8.配偶者の居住権を保護するための方策(配偶者配偶者居住権)

⑴ 配偶者居住権の意義とその成立

 近年の高齢化社会の進展により,配偶者の相続開始時点で生存配偶者が既に高齢となっている事案が増加していますが,平均寿命の伸長に伴い,その配偶者がその後長期間にわたって生活を継続する場合も少なくありません。このような場合には,その配偶者としては,住み慣れた居住環境での生活を継続するために居住権を確保しつつ,かつ,その後の生活資金としてそれ以外の財産(金銭・預貯金)についても一定程度確保したいという希望を有する場合も多いと考えられます。
 しかし,現行法下において,遺産分割協議等により,配偶者が居住建物の所有権を取得すると居住建物の評価額によっては,配偶者がそれ以外の遺産(預貯金や金銭)を十分に取得することができなくなり,その後の生活に支障を来すおそれがあります。
 例えば,被相続人の遺産が,居住建物(評価額2000万円)と預貯金(3000万円)であり,その相続人が配偶者と子の2名であった場合において,配偶者と子は遺産を2分の1ずつ相続するという前提で遺産分割協議をし,配偶者が居住建物を取得したとします。そうしますと配偶者が取得できる遺産は,次のようになるため,配偶者はその後の生活資金を十分に確保できなくなるおそれがあります。

<遺産分割協議結果~その1>
遺産総額 居住建物(評価額2000万円)+預貯金(3000万円)=5000万円
相続割合 1/2ずつ
各自の具体的相続額 5000万円×1/2=2500万円
∴ 配偶者 2500万円の内訳
    居住建物(評価額2000万円)
    預貯金(500万円)
  子 預貯金(2500万円)

 さりとて,配偶者が生活資金を確保するため,相続する預貯金の額を増やそうとすると,今度は,居住建物を相続できなくなってしまいます。

<遺産分割協議結果~その2>
遺産総額 居住建物(評価額2000万円)+預貯金(3000万円)=5000万円
相続割合 1/2ずつ
各自の具体的相続額 5000万円×1/2=2500万円
∴ 配偶者 預貯金(2500万円)
  子  2500万円の内訳
   居住建物(評価額2000万円)
   預貯金(500万円)

 その結果,引き続き居住建物に住み続けるには,子との間で使用貸借または賃貸者契約を締結しなければならなくなります。
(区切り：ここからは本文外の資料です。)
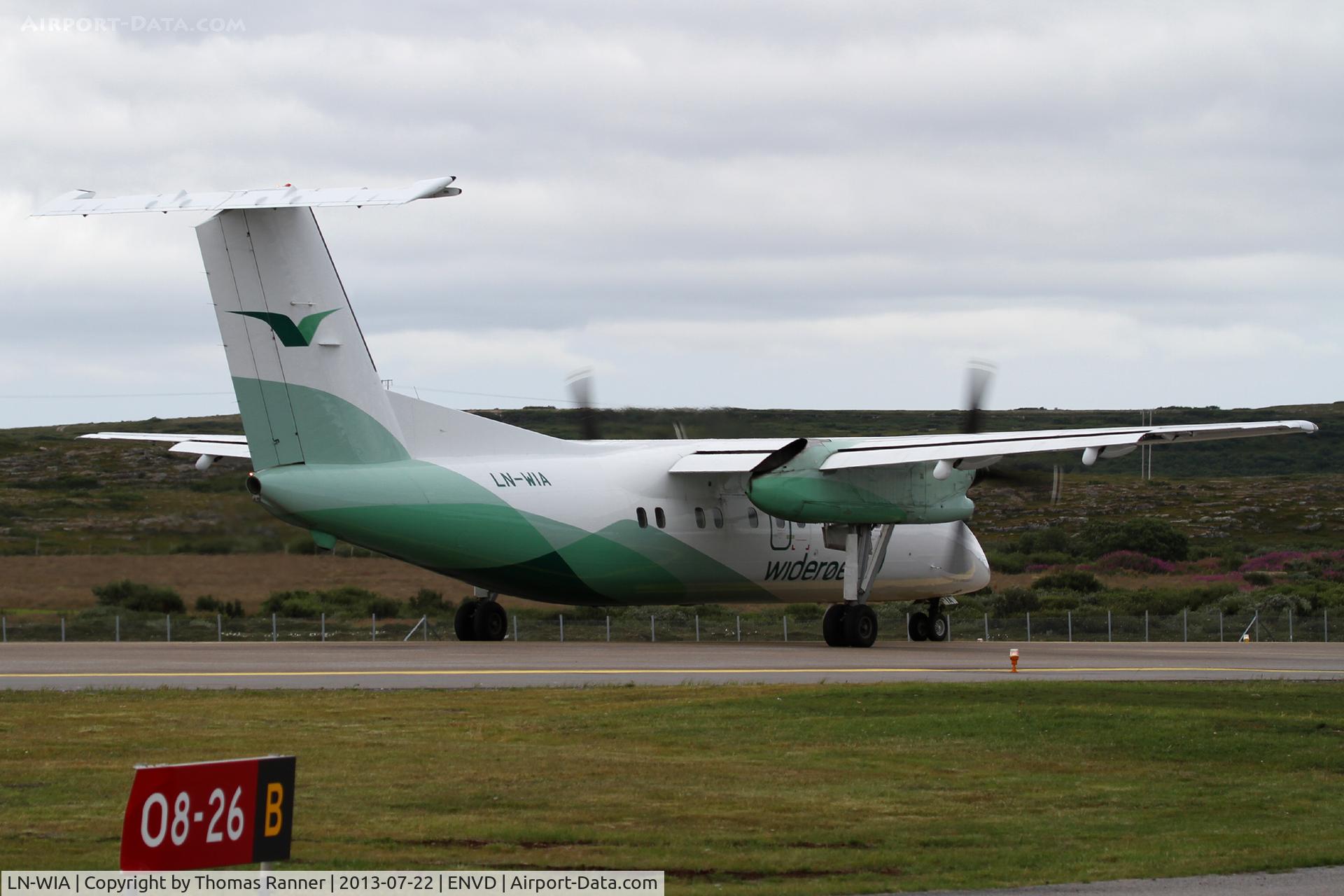 LN-WIA, 1993 De Havilland Canada DHC-8-103 Dash 8 C/N 359, Widerøe DHC-8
そして,子がこれらの契約の締結を拒んだ場合には,居住建物に住み続けることができなくなってしまいます。
 そこで,改正相続法は,「相続人の配偶者(以下この章において単に「配偶者」という。)は,被相続人の財産に属した建物に相続開始の時に居住していた場合において,次の各号のいずれかに該当するときは,その居住していた建物(以下この節において「居住建物」という。)の全部について無償で使用及び収益をする権利(以下この章において「配偶者居住権」という。)を取得する。ただし,被相続人が相続開始の時に居住建物を配偶者以外の者と共有していた場合にあっては,この限りでない。
① 遺産の分割によって配偶者居住権を取得するものとされたとき。
② 配偶者居住権が遺贈の目的とされたとき。」
旨の規定を新たに設け,生存配偶者の居住権を長期的に保護し,かつ,他方配偶者の死亡後の生活資金としてそれ以外の財産についても一定程度確保できる余地を認める制度として,配偶者居住権(注1)の制度を明文化しました(新民法1028条1項)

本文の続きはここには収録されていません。